Character string manipulation library

August, 1998. Beta version; documentation updated August, 1998

Introduction

This is a string library that is intended to be compatible with the class string library in the December 1996 draft of the C++ standard. My version is for strings of characters of type char only.

It is intended for people who do not have access to an official version of the string library or wish to use a version without templates.

It follows the standard class string as I understand it, except that a few functions that are relevant only to the template version are omitted, all the functions involving iterators are omitted and the input/output routines are not standard.

I use the name String rather than string to prevent conflicts with other string libraries (as in BC 5.0).

I claim copyright for this program. The initial version was taken from Tony Hansen's book The C++ answer book, but very little of Tony's code remains.

Permission is granted to use this, but not to sell. I take no responsibility for errors, omissions etc, but please tell me about them.

This library links into my exception package. You need to edit the file include.h to determine whether to use simulated exceptions or compiler supported exceptions or simply to disable exceptions. More information on the exception package is given in the documentation for my matrix library, newmat09.

The package uses a limited form of copy-on-write (see Tony Hansen's book for more details) and also attempts to avoid repeated reallocation of the string storage during a multiple sum. This results in some saving in space and time for some operations at the expense of an increase in the complexity of the program and an increase in the time used by a few operations. As with newmat09 it is still an open question whether the extra complexity is really warranted. Or under what circumstances it is really warranted.

 

Files in this package

The following files are included in this package

str.h header file for the string library
str.cpp function bodies
boolean.h simulation of the standard boolean type
myexcept.h header for the exceptions simulator
myexcept.cpp bodies for the exceptions simulator
include.h options header file (see documentation in newmat09)
strtst.cpp test program
strtst.txt output from the test program
test_exs.cpp test exceptions
test_exs.txt output from test_exs
readme.txt readme file
string.htm this file
st_gnu.mak make file for gnu c++
st_cc.mak make file for CC

 

Testing and getting started

I have tested this program on the Borland 5.0, 4.53 (32 bit only, test program won't run under 16 bit), 3.1, MS VC++ 5, Watcom 10a, gnu 2.7.2, 2.8.0 and Sun CC compilers.

For Borland 5.0, MS VC++ 5 and Gnu you need to edit include.h to disable my simulated Booleans.

CC compilers generate 14 error messages when running the strtst test program. I suspect these are due to a slightly different convention in deleting temporaries and don't matter.

For the indexes, lengths etc I use unsigned integer (typedefed to uint). This is instead of size_type in the official package. Using size_type (or size_t) as a type of variable seems too bizarre for me to use (as yet).

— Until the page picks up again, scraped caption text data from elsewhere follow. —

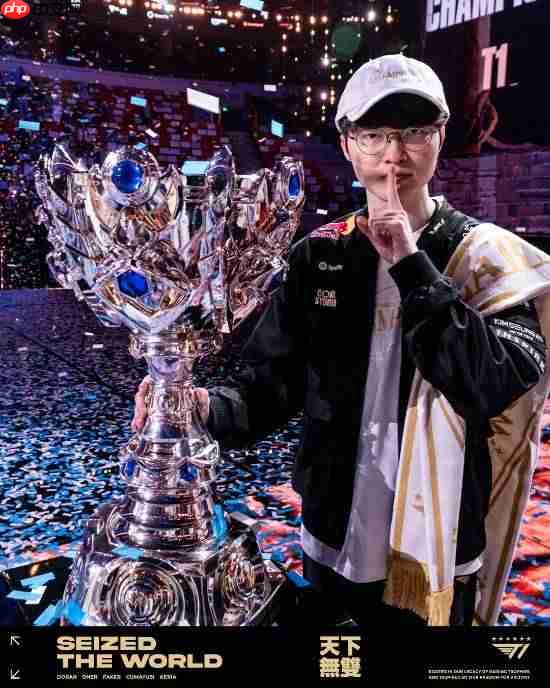 《英雄联盟》T1战队三连冠！官方晒全员捧杯图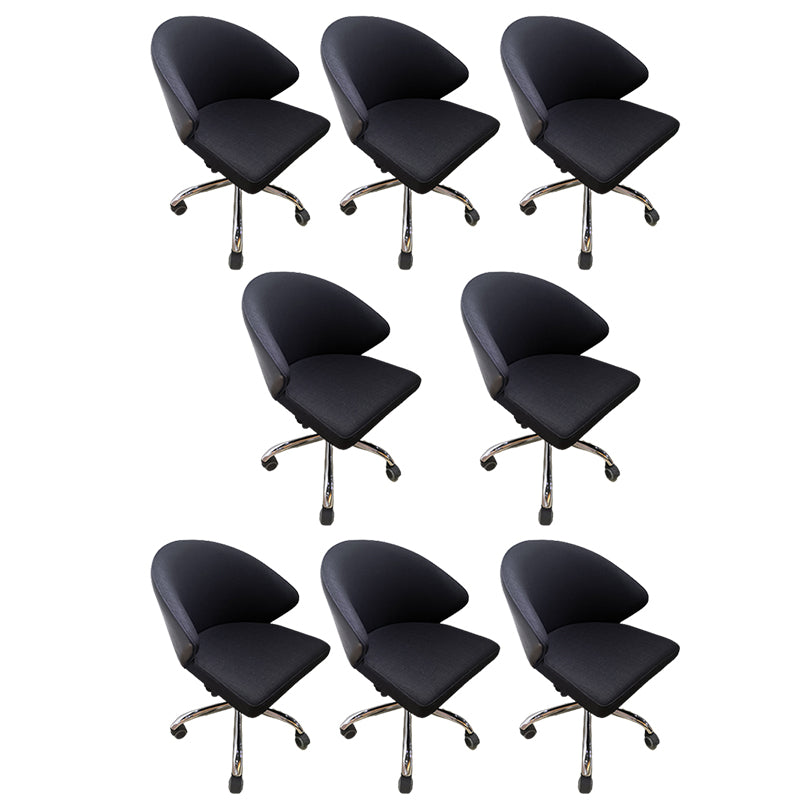 Moderner armloser schwarzer Bürostuhlhöhe-verstellbarer Stuhl mit Rädern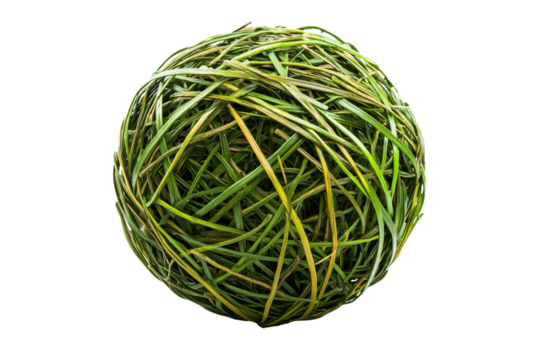 Green grass ball isolated on transparent background. Green grass ball isolated on white background.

You will need to #include files include.h and str.h in your programs that use this package. Don't forget to edit include.h to determine whether exceptions are to be used, simulated or disabled. If you use the simulated exceptions you should turn off the exception capability of a compiler that does support exceptions. If your compiler supports bool variables edit the option in include.h to disable my simulated bool variables.

 

The public member functions

Static variable

static uint npos String::npos is the largest possible value of uint and is used to indicate that a find function has failed to find its target. All Strings must have length strictly less than String::npos

Constructors, destruction, operator=

String() construct a String of zero length
String(const String&str) copy constructor (not explicitly in standard)
String(const String&str, uint pos, uint n = npos) construct a String from str starting at location pos (first location = 0) and continuing for the length of the String or for n characters, whichever occurs first
String(const char* s, uint n) construct a String from s taking a maximum of n characters or the length of the String
String(const char* s) construct a String from s
String(uint n, char c) construct a String consisting of n copies of the character c
~String() the destructor
String& operator=(const String& str) copy a String (except that it may be able to avoid copying)
String& operator=(const char* s) set a String equal to a c-style character string pointed to by s
String& operator=(const char c) set a String equal to a character

Storage control

uint size() const the length of the String (does not include a trailing zero - in most cases there isn't one)
uint length() const same as size
uint max_size() const the maximum size of a String - not sure what the standard wants, I have set it to npos-1
void resize(uint n, char c = 0) change the size of a String, either by truncating or filling out with copies of character c (std does default separately)
uint capacity() const the total space allocated for a String (always >= size())
void reserve(uint res_arg = 0) change the capacity of a String to the maximum of res_arg and size(). This may be an increase or a decrease in the capacity.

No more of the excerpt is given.